On top of that, residents and environmental groups are often opposed to forest thinning. Sawing down trees and removing them from the steep slopes of dense forests is a laborious and costly process that will be difficult to automate effectively. Hauling around bulky tree remains and digging big holes is also expensive and requires a lot of energy.

The climate emissions produced by removing, transporting, and burying wood will need to be carefully tallied and counted against the total carbon stored.

KODAMA SYSTEMS

Finally, there’s the question of acquiring the necessary waste biomass.

A 2020 study by Lawrence Livermore National Lab found plenty to go around for these sorts of purposes today, estimating that 56 million “bone dry” tons of waste biomass are produced each year just in California from agriculture, logging, fire prevention, and other activities. (Wood is about 50% carbon by mass.)

But demands for it are set to rise as startups like Kodama, Mote Hydrogen, and Charm all seek out these sources for various biomass-related carbon removal efforts and the world races to achieve ambitious climate targets.

There’s some risk that eventually all these efforts could create perverse incentives to remove more trees or agricultural material than necessary for fire prevention or healthy for ecosystems. After all, removing biomass also reduces the levels of nutrients that forests and farms get from rotting plants.

Kodama says it has done economic and carbon assessments for its full process.

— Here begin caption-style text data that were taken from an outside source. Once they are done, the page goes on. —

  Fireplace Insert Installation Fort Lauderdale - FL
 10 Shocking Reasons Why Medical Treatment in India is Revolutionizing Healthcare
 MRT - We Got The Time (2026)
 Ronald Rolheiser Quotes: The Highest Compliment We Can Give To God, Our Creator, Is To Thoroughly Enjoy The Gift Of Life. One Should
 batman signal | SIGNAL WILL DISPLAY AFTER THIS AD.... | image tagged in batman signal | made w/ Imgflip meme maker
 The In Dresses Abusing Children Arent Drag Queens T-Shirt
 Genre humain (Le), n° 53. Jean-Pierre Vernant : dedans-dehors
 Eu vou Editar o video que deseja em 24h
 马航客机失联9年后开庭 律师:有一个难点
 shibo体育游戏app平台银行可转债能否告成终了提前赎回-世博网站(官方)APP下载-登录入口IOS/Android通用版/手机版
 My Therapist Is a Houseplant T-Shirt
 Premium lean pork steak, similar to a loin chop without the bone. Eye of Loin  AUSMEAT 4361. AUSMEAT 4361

It’s confident that it can achieve costs below $100 a ton of carbon, and estimates that emissions from the pilot project will only reduce the net amount of carbon ultimately sequestered by about 15%.

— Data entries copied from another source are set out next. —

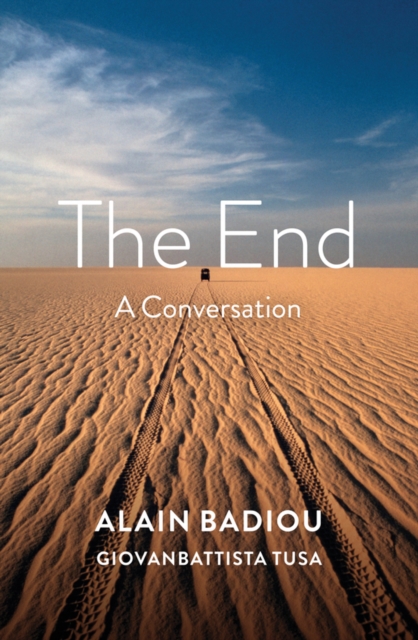 The End : A Conversation, Hardback Book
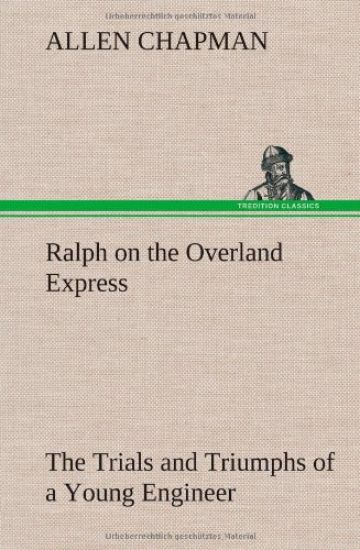 Ralph on the Overland Express The Trials and Triumphs of a Young Engineer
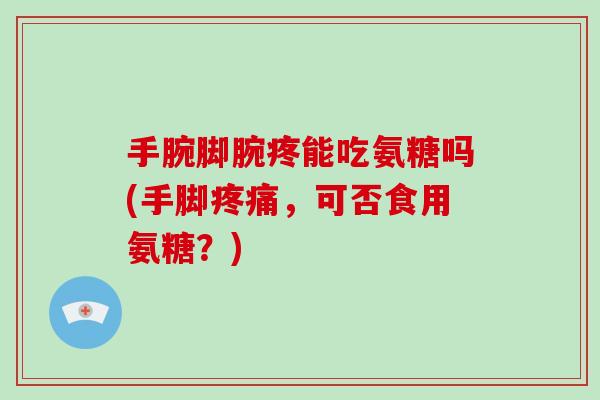 手腕脚腕疼能吃氨糖吗(手脚，可否食用氨糖？)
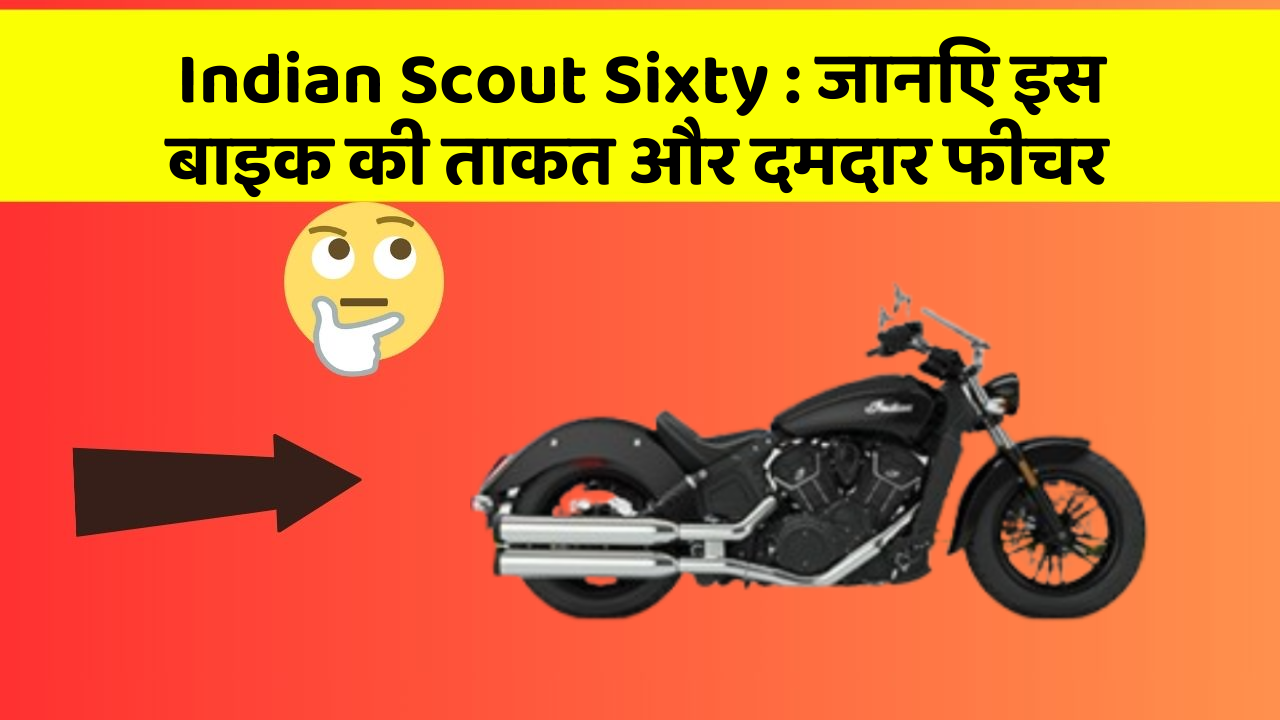 Indian Scout Sixty : जानिए इस बाइक की ताकत और दमदार फीचर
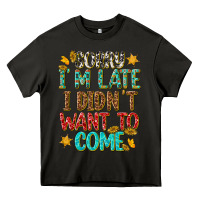 Asphalt sorry i am late i didnt want to come Heavy Core Tee - texasbilliewilder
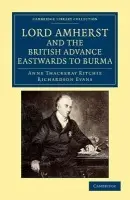 Lord Amherst and the British Advance Eastwards to Burma - Ritchie, Anne Thackeray a Evans, Richardson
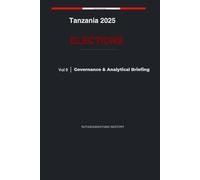 Tanzania 2025 Elections: Governance & Analytical Briefing - Volume 9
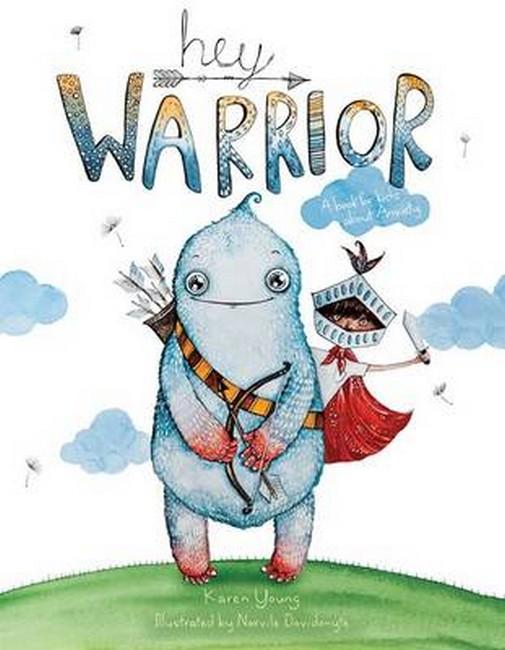 Hey Warrior - A Book For Kids About Anxiety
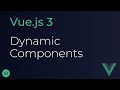 Vue JS 3 Tutorial - 41 - Dynamic Components
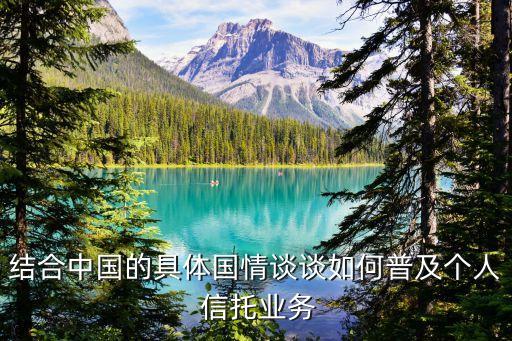 結(jié)合中國的具體國情談?wù)勅绾纹占皞€(gè)人 信托業(yè)務(wù)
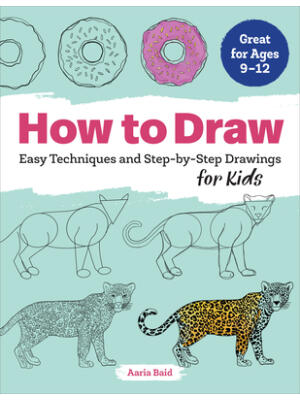 How to Draw: Easy Techniques and Step-By-Step Drawings for Kids - Boganto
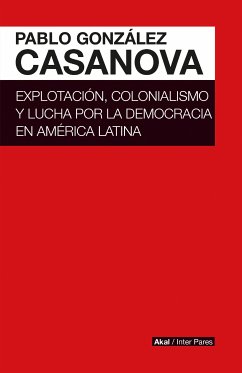 Explotación, colonialismo y lucha por la democracia en América Latina (eBook, ePUB) - González Casanova, Pablo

Merritt Jenkins, the company’s cofounder and chief executive, says they plan to earn revenue from their forest thinning work, as well as by selling usable timber and carbon credits from its burial projects.

But Yale’s Freiberg stresses that the critical mission of the moment is to use that Stripe grant to help answer these “big scientific questions around burial biomass … and demonstrate that this is indeed a solution worth backing.”